In the January issue of the Journal of Neurology, Neurosurgery, and Psychiatry, Dr. M. M. B. Breteler and colleagues, at the Erasmus Medical Center in Rotterdam, the Netherlands, explored these issues using data from the prospective, population-based Rotterdam Study. The analysis included 6,992 subjects, 55 or older, who were free of dementia when examined between 1990 and 1993.

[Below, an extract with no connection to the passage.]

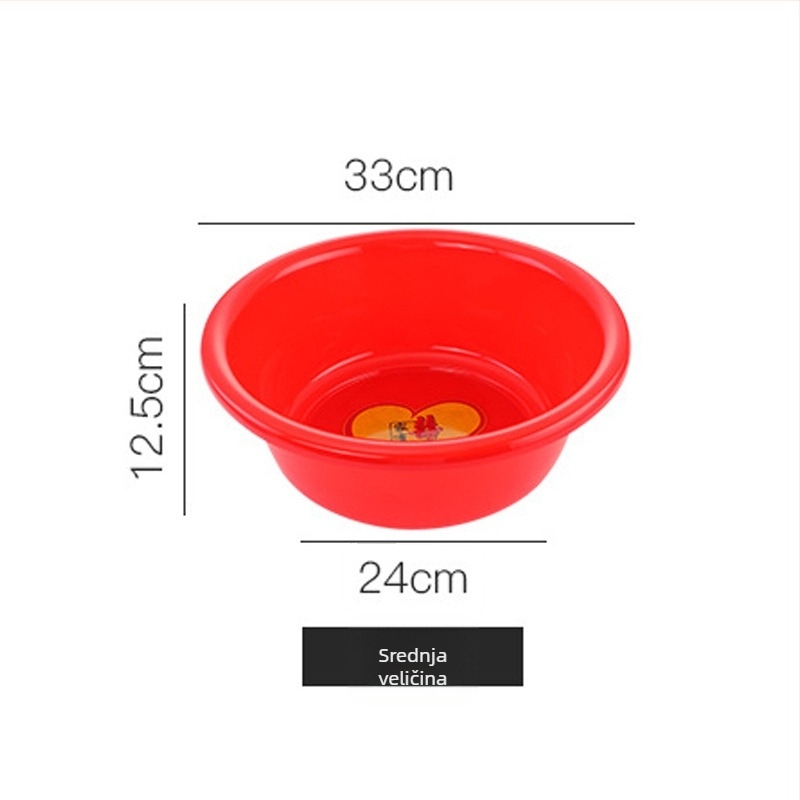 Plastična okrugla posuda za pranje, svečani stil, podrijetlo Jieyang, neto težina 450–500 g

During follow-up until 2005 (mean, 9.2 years), 582 subjects were diagnosed with Alz­heimer’s disease. After controlling for sociodemographic and clinical factors, statin users had a significantly reduced risk of Alzheimer’s disease, compared with those who never used statins (adjusted hazard ratio, 0.57).

The protective effect was similar for lipophilic and hydrophilic statins and for persons with and without an APOE ε4 allele.

On the other hand, the use of other cholesterol-lowering drugs (fibrates, bile-acid binding resins, or nicotinic acid and derivatives) failed to exhibit similar benefit.

“All in all,” Dr. Larry Sparks, of the Sun Health Research Institute in Sun City, Arizona, wrote in an accompanying editorial, “it is clear that somewhere between normal cognitive performance and profound dementia of Alzheimer’s disease, statin therapy exerts a beneficial effect.”